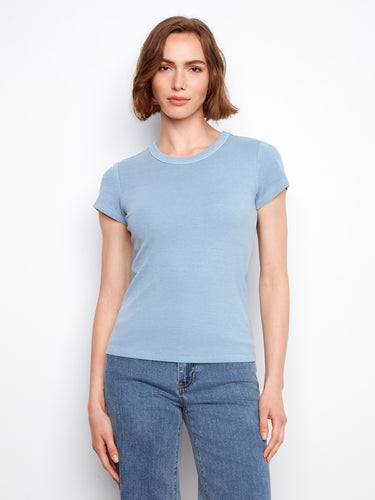 This blue top features a classic crew neck design, offering a timeless look for any wardrobe. By Charlie B.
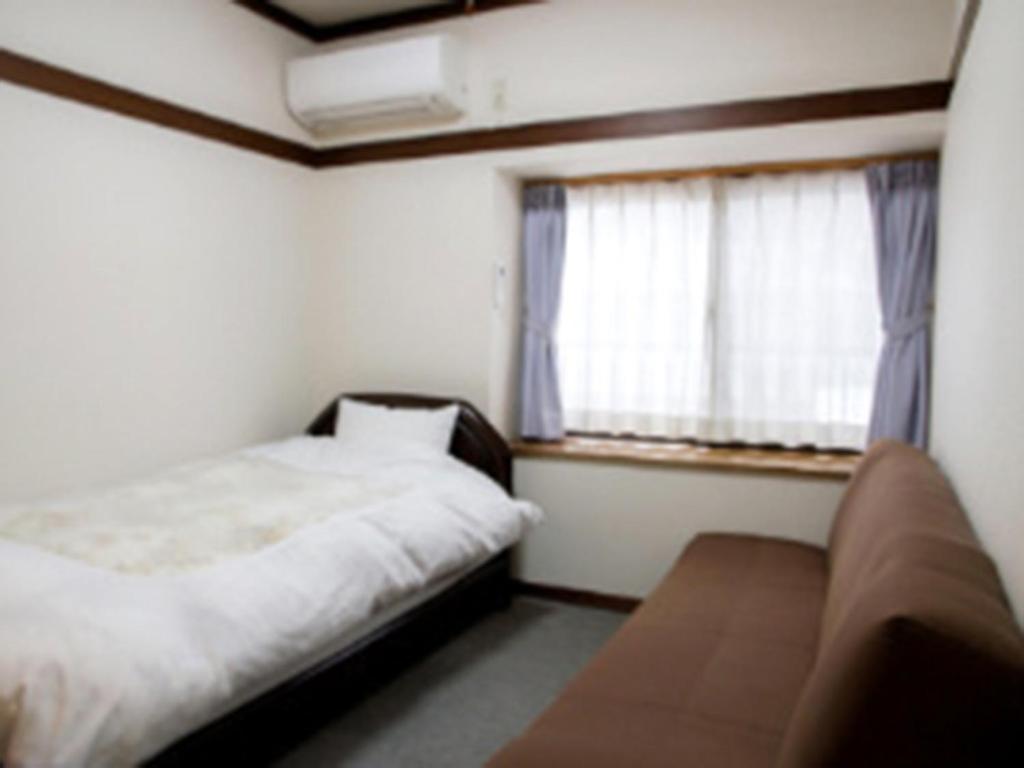 um pequeno quarto com uma cama e uma janela em Ryokan Seifuso - Vacation STAY 02201v em Matsumoto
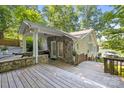 Inviting entrance showcasing the home's unique architecture and lakeside access at 208 Island View Rd, Mount Holly, NC 28120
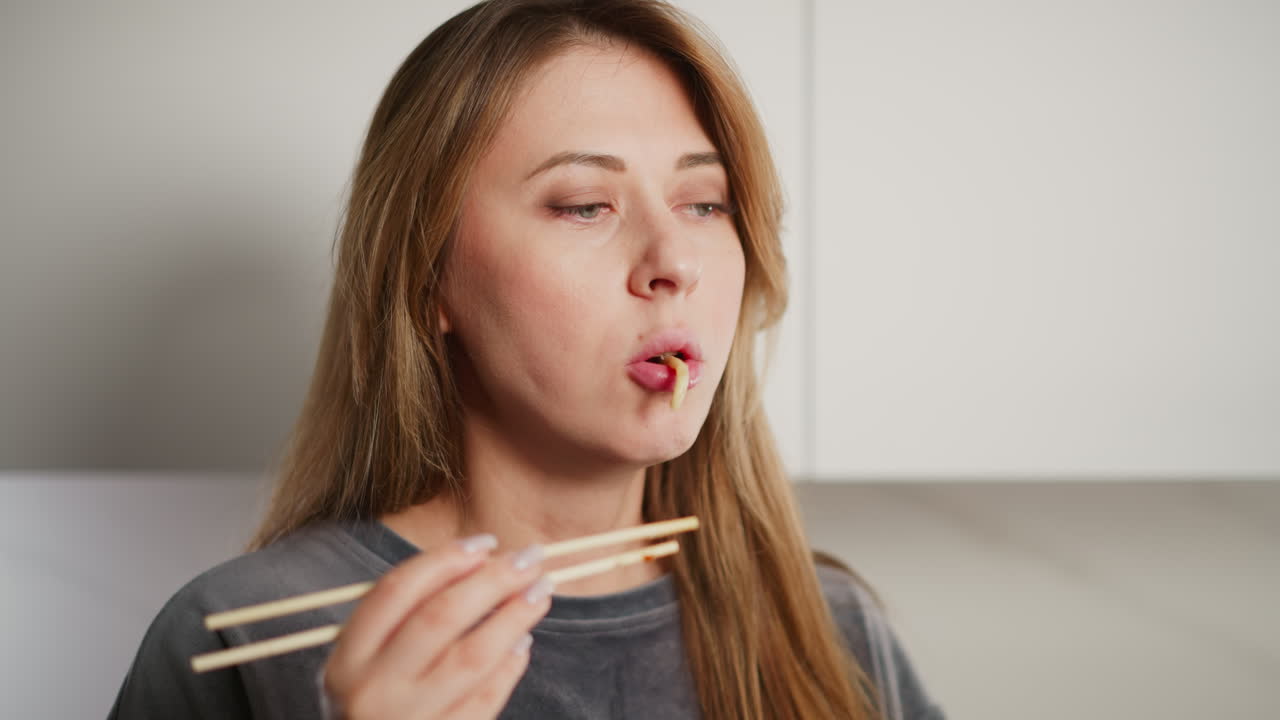 Portrait view of woman with long hair eating noodles with chopsticks while standing in bright kitchen, enjoying light homemade meal in casual indoor setting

• **To do**:
Please write every line above out exactly as given, except for any pictures.

• **Solution to this exercise**:
 This blue top features a classic crew neck design, offering a timeless look for any wardrobe. By Charlie B.
 um pequeno quarto com uma cama e uma janela em Ryokan Seifuso - Vacation STAY 02201v em Matsumoto
 Inviting entrance showcasing the home's unique architecture and lakeside access at 208 Island View Rd, Mount Holly, NC 28120
 Portrait view of woman with long hair eating noodles with chopsticks while standing in bright kitchen, enjoying light homemade meal in casual indoor setting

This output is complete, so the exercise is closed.